*DIRECTIONS FOR THIS TASK*: A word-for-word reproduction of the data below is needed, with no pictures in it.
═════ DATASET CONTENT
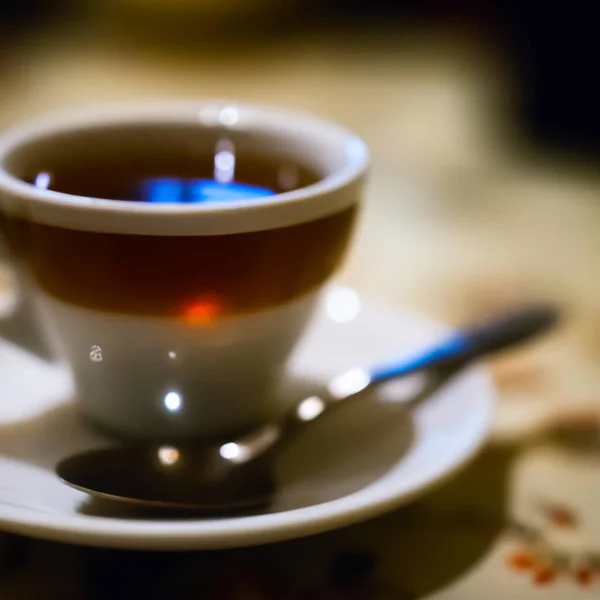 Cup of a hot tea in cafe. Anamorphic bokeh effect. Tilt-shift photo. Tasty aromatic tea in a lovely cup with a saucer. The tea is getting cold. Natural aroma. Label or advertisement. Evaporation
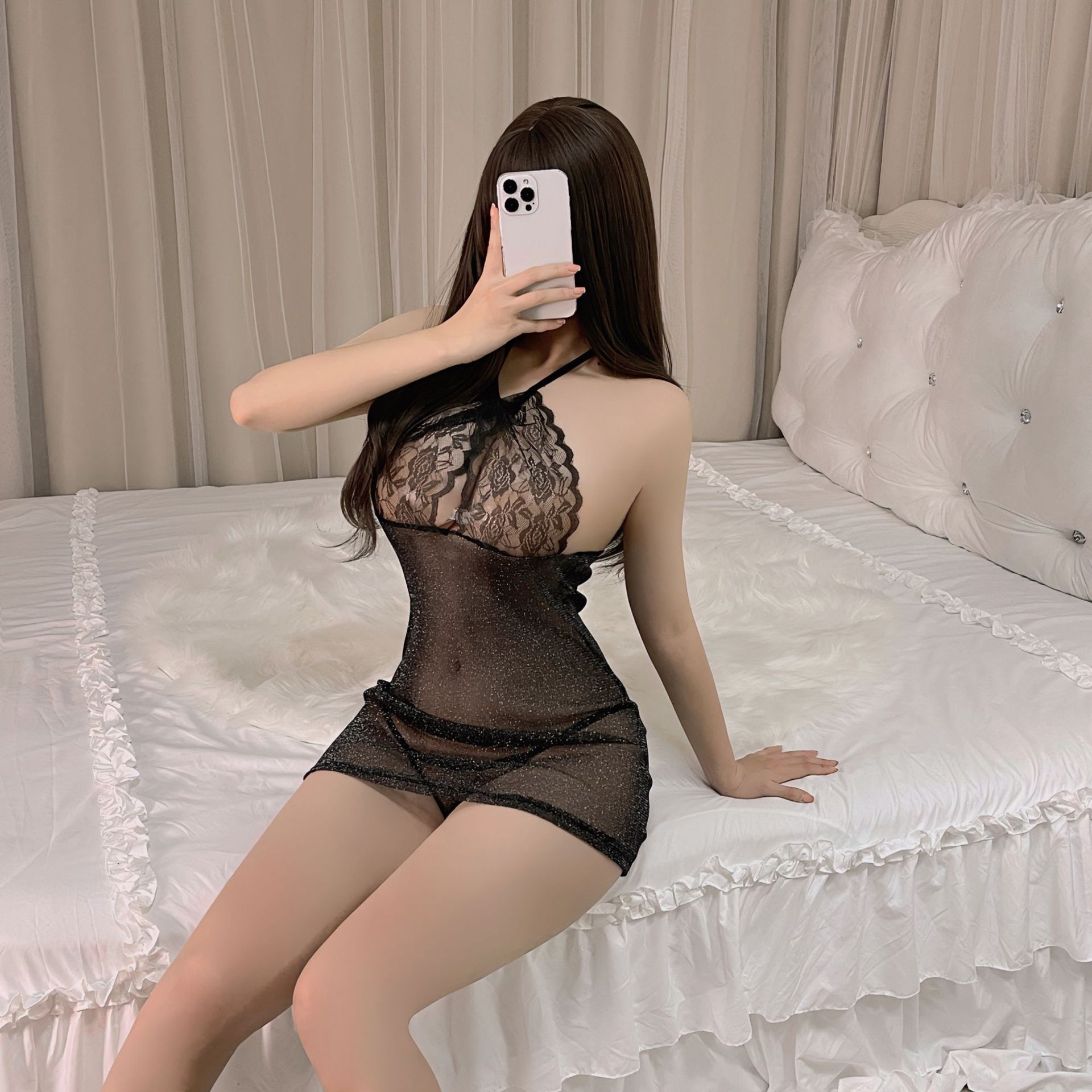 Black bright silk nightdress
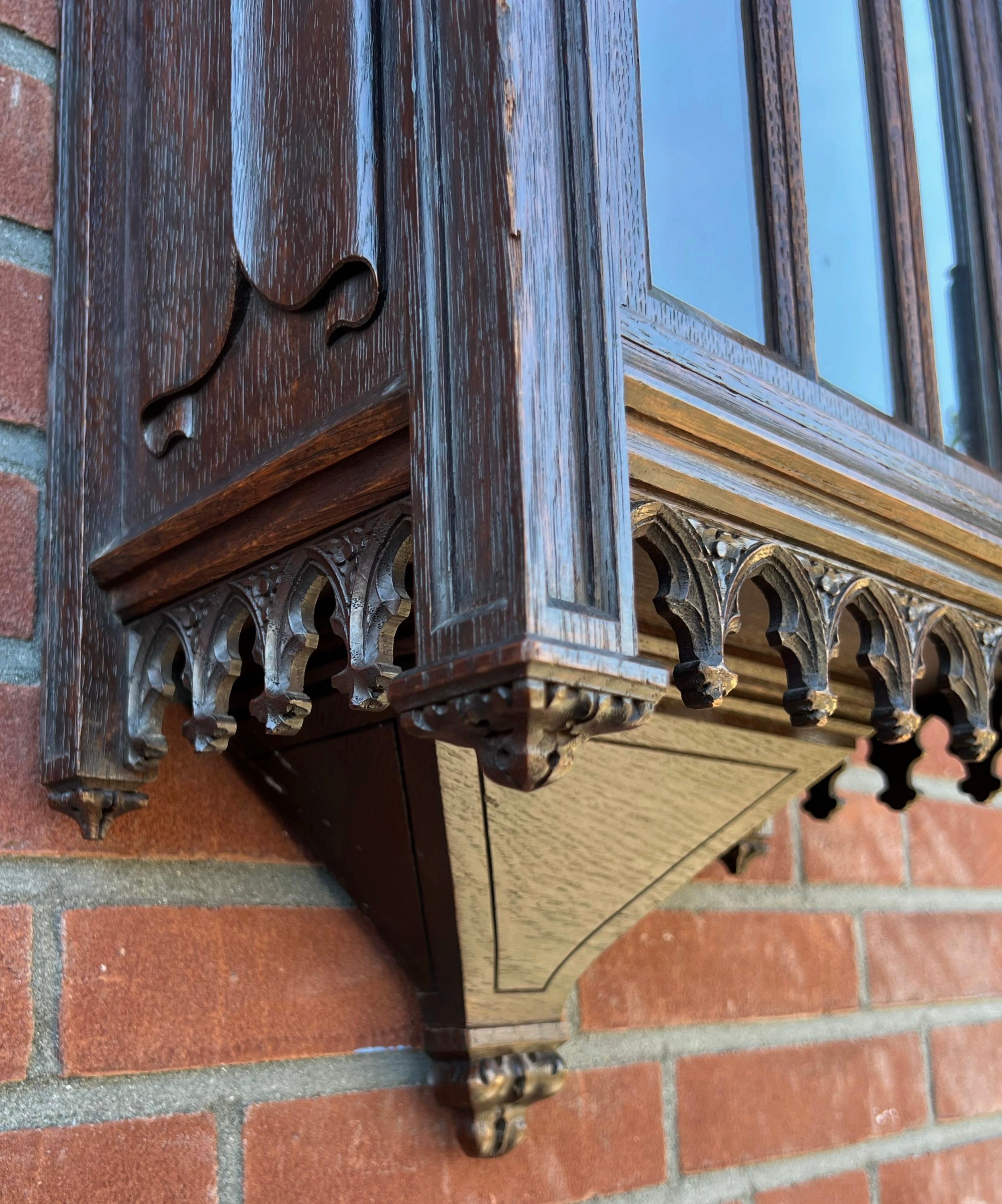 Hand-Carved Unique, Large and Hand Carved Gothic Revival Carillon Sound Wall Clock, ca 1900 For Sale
══════════
*REPLY*:
 Cup of a hot tea in cafe. Anamorphic bokeh effect. Tilt-shift photo. Tasty aromatic tea in a lovely cup with a saucer. The tea is getting cold. Natural aroma. Label or advertisement. Evaporation
 Black bright silk nightdress
 Hand-Carved Unique, Large and Hand Carved Gothic Revival Carillon Sound Wall Clock, ca 1900 For Sale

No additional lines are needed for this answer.